Rank correlation is invariant under monotone increasing transformations
Another reason to use a rank-based correlation is if you need to transform one or more variables. Recall that a rank-based statistic is invariant under any monotone increasing transformation of the data because the ranks themselves are unchanged under the transformation. Thus, you can report the Spearman correlation for transformed data, and the readers know that the Spearman correlation for the original data are the same values.
To give an example, suppose you want to perform a Box-Cox transform of the MPG_City and Weight variables. The following DATA step implements the following monotone transformations of the original variables:
- Transform the MPG_City variable by using the power transformation x → (xλ -1) / λ, where λ = -0.5.
- Transform the Weight variable by using the logarithmic transformation x → log(x).
Every Box-Cox transformation is monotone increasing. Because the Spearman correlation is invariant under any monotone increasing transformation, the Spearman correlation for the transformed variables is unchanged from the Spearman correlation of the original variables.
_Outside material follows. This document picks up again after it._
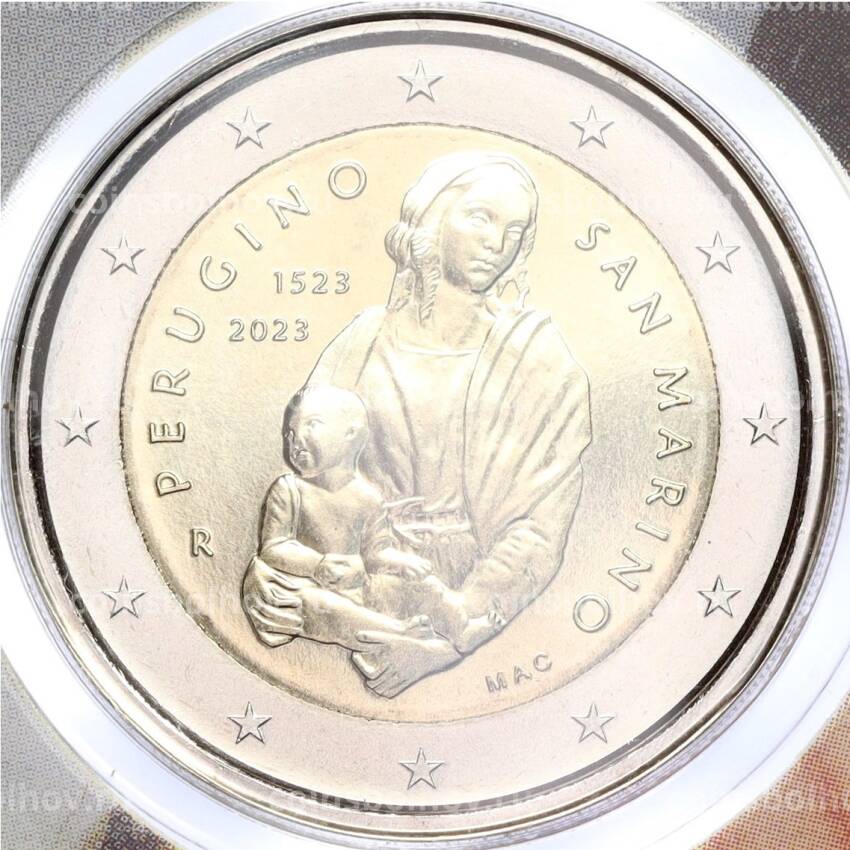 Монета 2 евро 2023 года Сан-Марино —  500 лет со дня смерти Пьетро Перуджино (в блистере)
title "Original Correlations"; proc corr data=Sashelp.Cars noprob nosimple Pearson Spearman; label MPG_City= Weight=; var MPG_City Weight; run; title "Correlations between Transformed Variables"; data C; set Sashelp.Cars; lambda = -0.5; xformMPG = (MPG_City**lambda -1) / lambda; logWeight = log(Weight); run; proc corr data=C noprob nosimple Pearson Spearman plots=scatter; var xformMPG logWeight; run; |
As predicted, the Spearman correlation between the transformed variables is identical to the original Spearman correlation. The Pearson correlation does not have that property. The Pearson correlation is invariant only under linear transformations.
Summary
A previous article discusses rank correlation and lists some advantages of using rank correlation. This article provides examples of some of the advantages. Specifically, this article shows that a rank-based correlation is resistant to extreme outliers, can measure the association between (some) nonlinearly related variables, and is invariant under any monotone increasing transformation, such as a Box-Cox transformation.